NOTE 🗒️: There runs no Workload on control plane nodes.

WARNING ⚠️: Experimental runner runs on a standard or a test cluster.

bwCloud - KGR2-4

NOTE 🗒️: Some resources are allocated to docker/kubernetes implementation, host OS of VM, but these wont take as much.

Runner and its VM's	Node count	CPU/RAM	Disk - `/`
kgr2-instance-hugedisk
medium	1	4/8	128
kgr2-instance-standard
xlarge	1	8/16	128
kgr3-instance-standard
xlarge	1	8/16	128
kgr4-instance-standard
xlarge	1	8/16	128

Parameter explanation ℹ️

Runner and its VM's: grouping of runners and its nodes
Nodes: group of nodes
Node count: How many node of this type is available
CPU/RAM: amount of resources, memory is in GiB
Disk - /: mounted disk in GiB size on root for jobs. The storage is shared across jobs and processes on whole node, so the value is purely informational
Disk /builds/: mounted disk size in GiB for repository directories (build directory). The storage is shared across jobs on whole node, so the value is purely informational (in case of no /builds/ the space is on the same disk as /)

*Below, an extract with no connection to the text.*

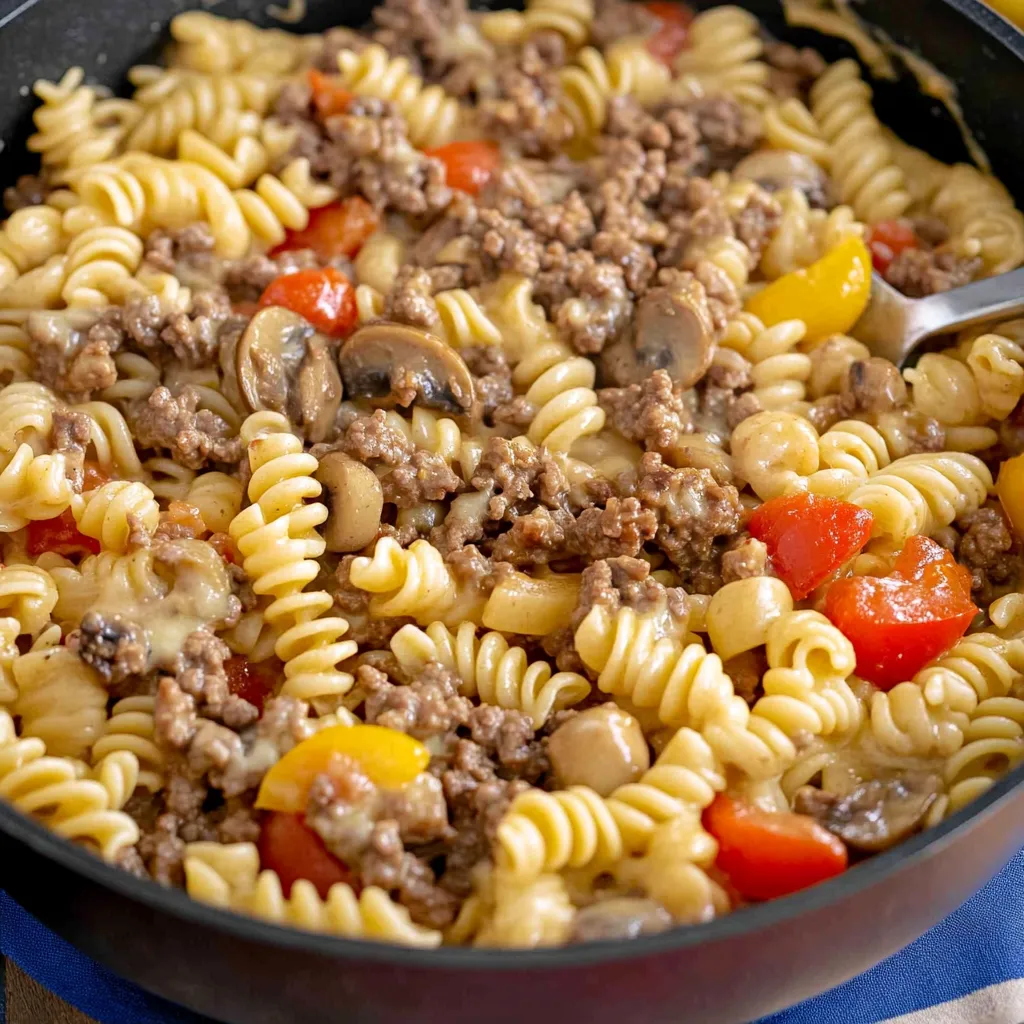 Philly Cheesesteak Pasta Recipe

The relation between node sizes and runner sizes - Kubernetes runners

The nodes and runner sizes are tightly connected. Here is connection between medium node and standard runner represented on rules for request (guaranteed values for jobs, lower value) and for limit (limiting values for jobs, upper value)

Request and limit:
- Design node - 4 CPU cores node with 16 GB Memory
- The request is made in a way that 3 runners (1 main and 1 helper container) can run design node
- The limit is made in a way that 2 runners (1 main, 1 helper and 1 service container) can run on design node
Overwrite values (advanced user can set in pipeline specification)
- The limit overwrite is set so 2 runners (1 main and helper container) can run on large node
- The request overwrite is just set under the limit overwrite
Service container overwrite
- Service and helper container overwrite values are just made to be higher than the standard
Storage
- ephemeral storage is following these rules as well, however less tightly

cluster node runner size relations Diagram illustrates Size relations between runner values for request and limit and node size It shows the design size of the node (virtual unit used to plan the size of the runners). The standard runners are then so designed that, two fit with inside while using maximum resources possible for main and helper container. While the request is made in a way that even when using service, main and helper container there can three runner fit inside of one design node.

WARNING ⚠️: Resource limitation other then runner workload

There is a bit of reserve on each node even with three pods at request values.

There will be other workload at the time, like monitoring, so the real deployment situation will differ.

With usage of best-effort nodes on "kgr1 cluster" the node size might differ.